We may, however, in the future require additional cash resources due to changing
business conditions, implementation of our strategy to expand our business, or
other investments or acquisitions we may decide to pursue. If our own financial
resources are insufficient to satisfy our capital requirements, we may seek to
sell additional equity or debt securities or obtain additional credit
facilities. The sale of additional equity securities could result in dilution to
our stockholders. The incurrence of indebtedness would result in increased debt
service obligations and could require us to agree to operating and financial
covenants that would restrict our operations. Financing may not be available in
amounts or on terms acceptable to us, if at all. Any failure by us to raise
additional funds on terms favorable to us, or at all, could limit our ability to
expand our business operations and could harm our overall business prospects.
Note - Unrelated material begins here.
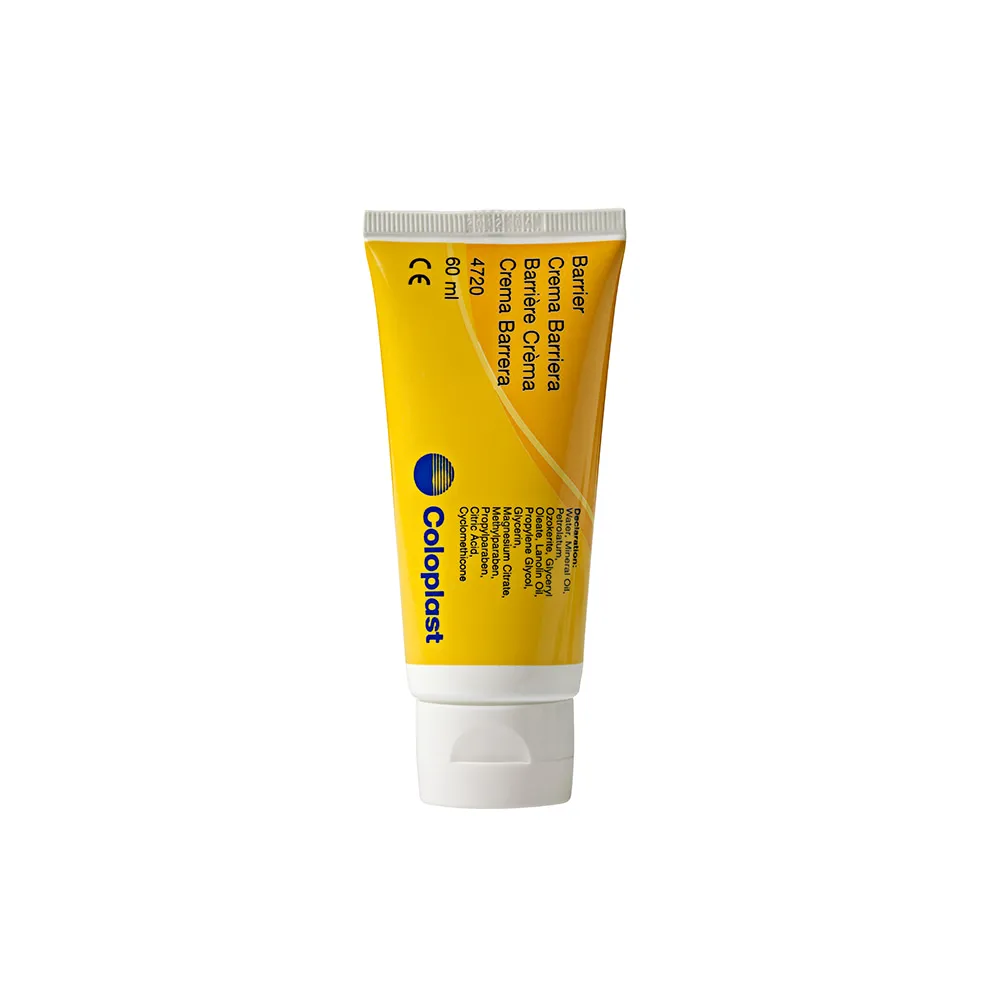 Comfeel Creme Barreira - Coloplast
We assess liquidity and going concern uncertainty in our unaudited condensed
consolidated financial statements to determine whether there are sufficient cash
on hand and working capital, including available borrowings on loans, to operate
for a period of at least one year from the date the unaudited condensed
consolidated financial statements are issued or available to be issued, which is
referred to as the "look-forward period", as defined in GAAP. As part of this
assessment, based on conditions that are known and reasonably knowable to
management, we will consider various scenarios, forecasts, projections,
estimates and will make certain key assumptions, including the timing and nature
of projected cash expenditures or programs, our ability to delay or curtail
expenditures or programs and our ability to raise additional capital, if
necessary, among other factors. Based on this assessment, as necessary or
applicable, we make certain assumptions around implementing curtailments or
delays in the nature and timing of programs and expenditures to the extent we
deem probable those implementations can be achieved and we have the proper
authority to execute them within the look-forward period.
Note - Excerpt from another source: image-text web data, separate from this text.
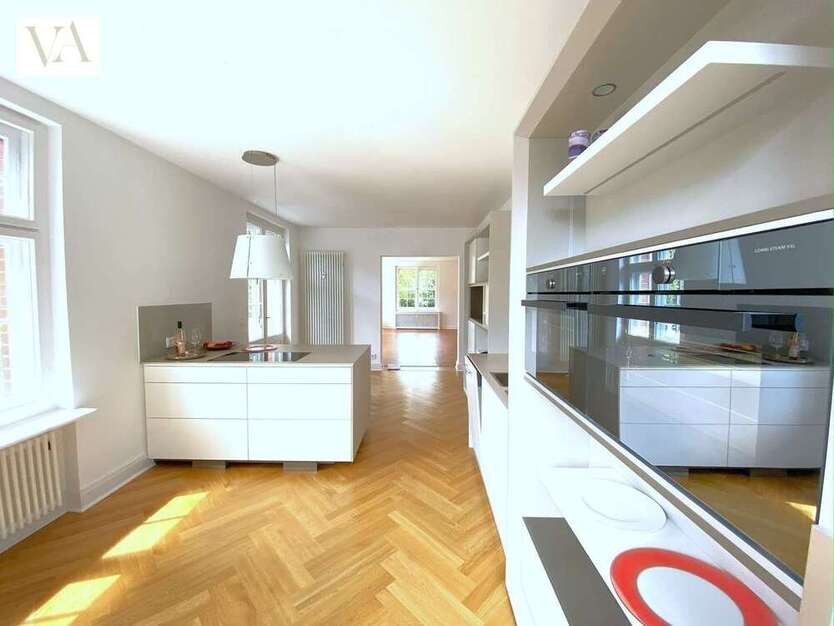 Wohnung zum Kaufen in Berlin Dahlem 2.299.000 € 265 m²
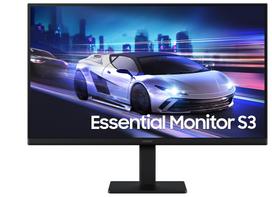 SAMSUNG 24" Essential Monitor S3 (S32GF) Full HD 120 Hz display (LS24F324GAUXEN)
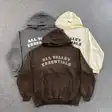 All Valley hoodie — photo 19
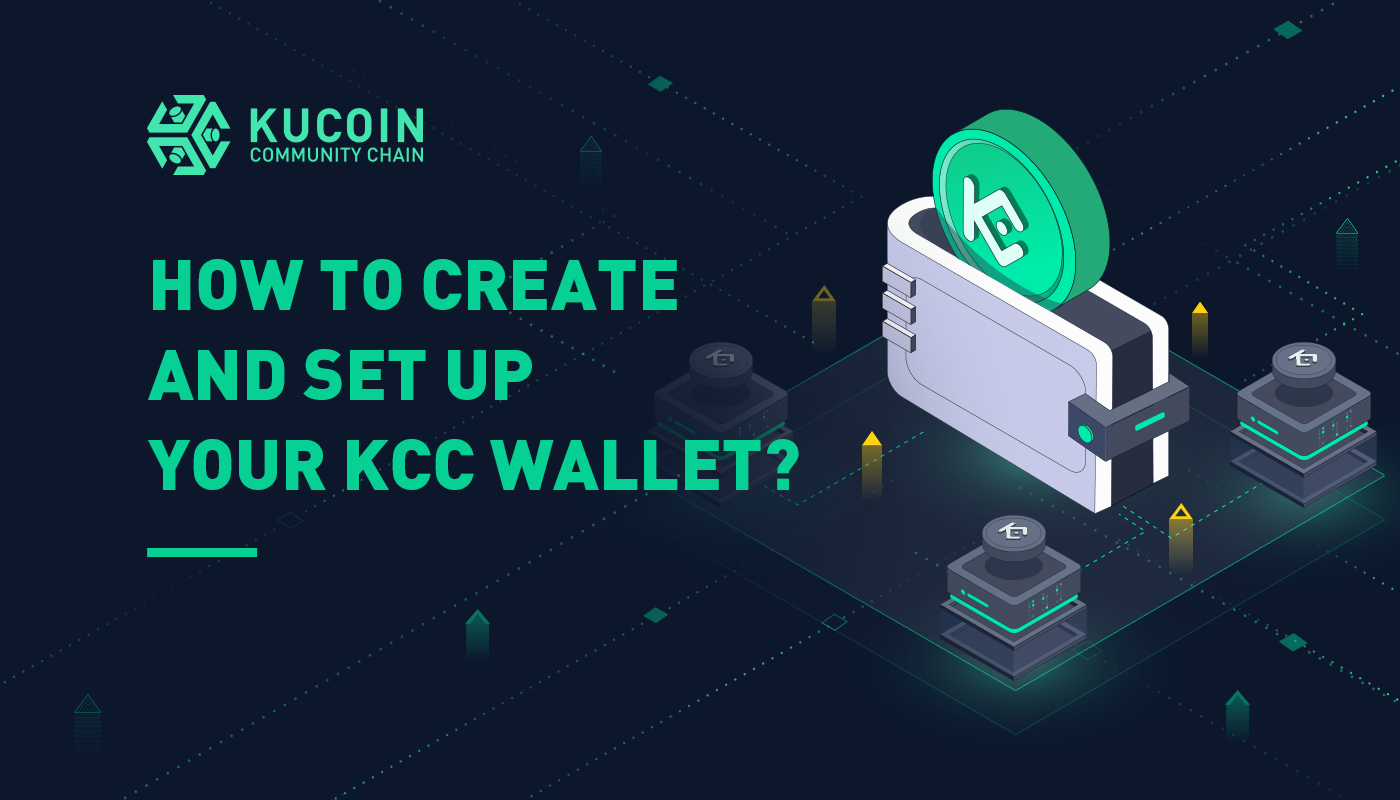 Add KCC to MetaMask | cryptolove.fun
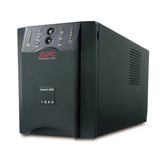 APC Smart-UPS 1500VA USB &amp; Serial - UPS - AC 230 V - 1500 VA - RS-232, USB - output connectors: 8 - black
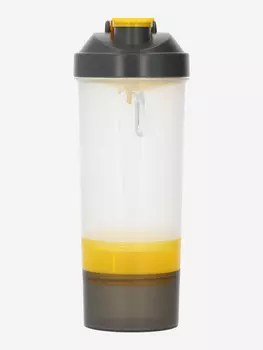 Шейкер, Оранжевый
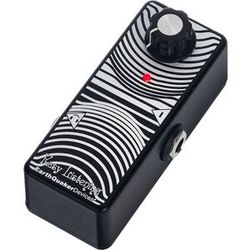 EarthQuaker Devices Easy Listening Amp Simulator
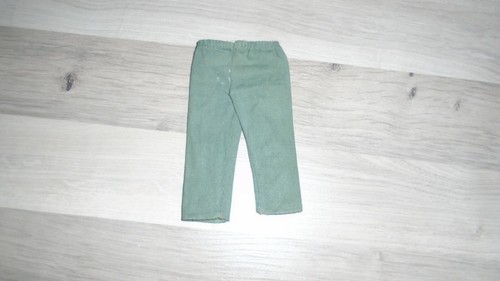 Big jim mattel pantalon 004 - pantalon,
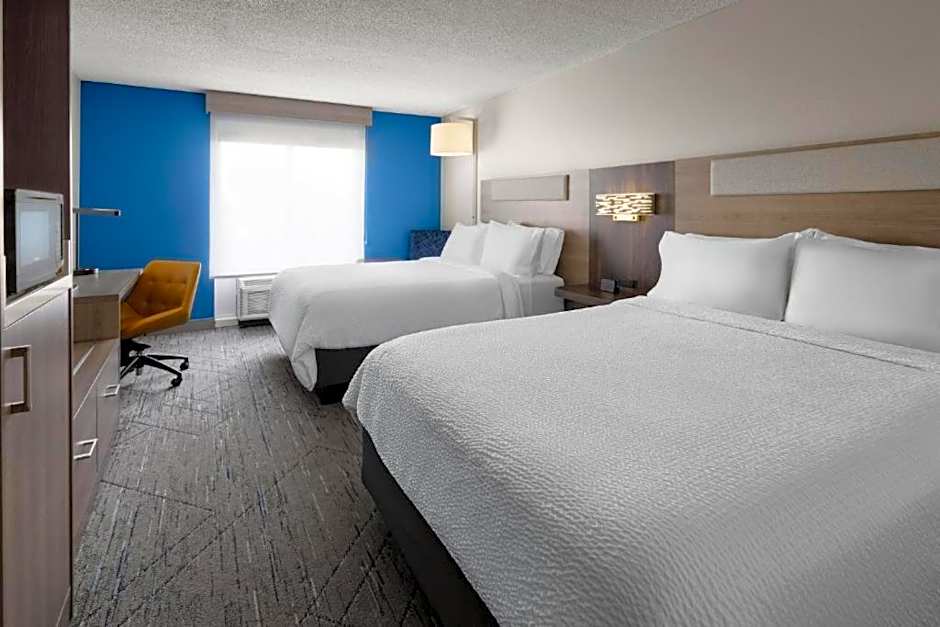 Holiday Inn Express and Suites Newberry By IHG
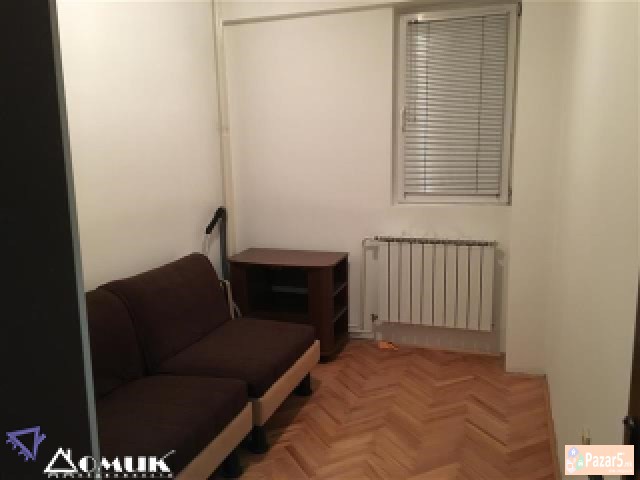 Domik Izdava 2 Sob. Stan Vo Kisela Voda Kaj Cesma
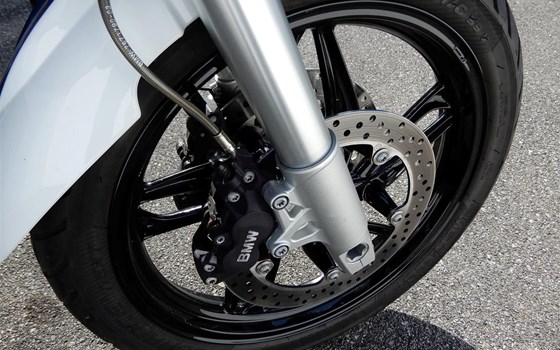 Gebrauchtmotorrad BMW R 1200 GS - Bild 7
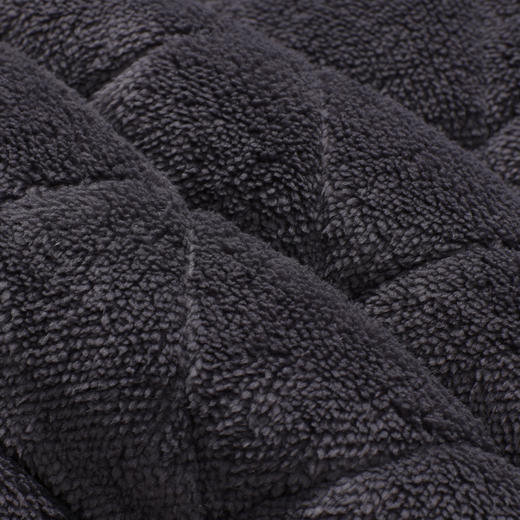 都市丽人都市锋尚睡衣亲情蜜语长袖法兰绒夹棉加厚男士加夹棉套装FHT0B9 商品图9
                                       22





We have prepared estimates of operations for fiscal years 2022 and 2023 and
believe that sufficient funds will be generated from operations to fund our
operations and to service our debt obligations for one year from the date of the
filing of this report. We have considered the impact of COVID-19 on our business
in these assumptions; however, it is too early to know the full impact of
COVID-19 or its timing on a return to more normal operations.



The unaudited condensed consolidated financial statements have been prepared on
a going concern basis under which we are expected to be able to realize our
assets and satisfy our liabilities in the normal course of business. We believe,
based on relevant conditions and events that are known and reasonably knowable,
that our forecasts, for one year from the date of the filing of this report,
indicate improved operations and our ability to continue operations as a going
concern. See Note 3 to the unaudited condensed consolidated financial
statements, "Liquidity and Going Concern Assessment."